In a lull before the evening's activities, Imilce excused herself to go to her bath chambers. There, as she squatted to relieve herself, she discovered the reason for her physical symptoms. They were not borne of the day's stresses alone, but were the long forgotten symptoms of her monthly bleeding, which she had not had since the blessed month she became pregnant with Little Hammer. How many moons had passed since last this flow issued from her? How many years? She had hoped that Hannibal's seed would somehow take hold in her again—even before she knew that her cycle had resumed—but clearly this had not happened.
Still squatting, she let herself lean back against the stone wall. She grasped her head in her hands and squeezed; she did not know why. She thought of Hannibal—wherever he might be at that moment—and she silently chastised him for leaving her alone with all of this.
Sophonisba appeared like an answer to prayers Imilce had not even uttered. Hannibal's youngest sibling approached Imilce in the garden of the palace in the early evening light. She carried two small goblets, one of which she offered up. They had met earlier in the afternoon but had exchanged only nods and the routines of greeting.
“Have you tried this?” Sophonisba asked. “It's a wine made from the fruit of palm trees. It's a poor person's drink, but Mother is fond of it and always has a little on hand. We should drink discreetly, though. Come, talk with me by the fish ponds.”
Sophonisba could not have been more than twelve or thirteen, just budding with the first indications of the woman she was to become. But she walked this line between childhood and maturity nimbly, with a confidence that touched Imilce with shame. And it only took her a few glances to realize that Sophonisba was at the verge of a monumental beauty. She was her mother's daughter, in her forehead and the character of her cheekbones and in her nose, but her skin tone was the lightest of all her siblings' and her mouth was narrower, a soft, full oval. Imilce felt her own appearance wanting beside this girl. Fortunately, Sophonisba did not agree.
“You're the most graceful woman in Carthage,” she said. “The others will be jealous, so pay them no mind. One would think you were carved by an artist instead of born from between a woman's legs. And your baby . . . Mother was beside herself. You cannot tell it to look at her now, but this afternoon she went to her chambers and cried, thinking about him. She hasn't done that since she learned of my father's death.”
Imilce held the palm wine without lifting it. “Did the child so disappoint her?”

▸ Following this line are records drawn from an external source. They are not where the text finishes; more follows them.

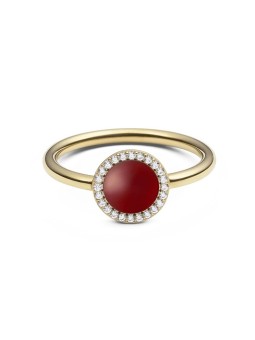 Daniel Wellington Anello placcato oro con agata rossa e cristalli Audrey DW0040125 - Diametro: 54 mm donna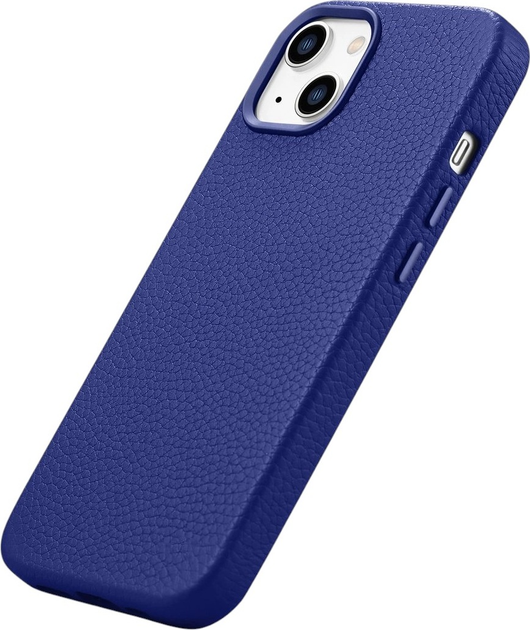 Etui iCarer Litchi Premium Leather Magsafe Back Case do Apple iPhone 14 Dark Blue (WMI14220709-DB) - obraz 5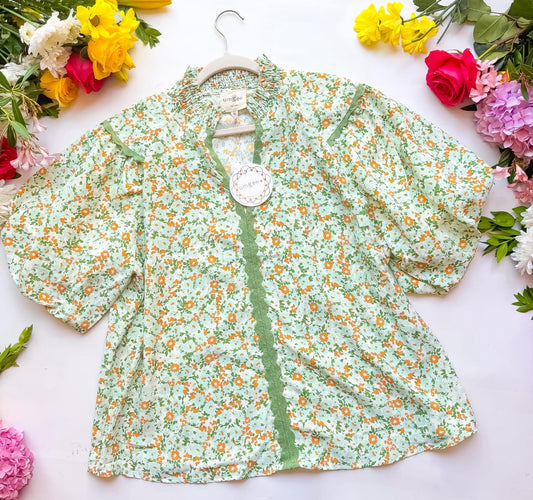 Umgee Plus Green Floral Top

“Disappoint?” Sophonisba asked. She ridged her forehead in a manner that temporarily rendered her surprisingly unattractive. Then she dropped the expression and all was as before. “She was moved to tears of joy. She beheld her firstborn grandson for the first time today. She saw her son in his face and in that is her husband's face made immortal. No, she was not disappointed. What she felt was . . . It was rapture.”
Imilce stared at her for a moment.
Noting the look, Sophonisba stepped closer. She said, “Though I am just a girl, I think perhaps we can be friends. Would you like that?”
Imilce nodded. “Very much.”
“Good. As my service to you, I will tell you everything there is to know about Carthage. Everything important, at least. But first, you must speak to me. Tell me of my brothers. I've not seen any of them save Mago in years. Truthfully, sister, I do not remember my other brothers at all. Tell me about them, and then about other young men. The noble ones. I am as yet unmarried. There is a boy here, a Massylii prince named Masinissa, who is quite taken with me. He says he will have me for his wife someday. Have you heard of him?”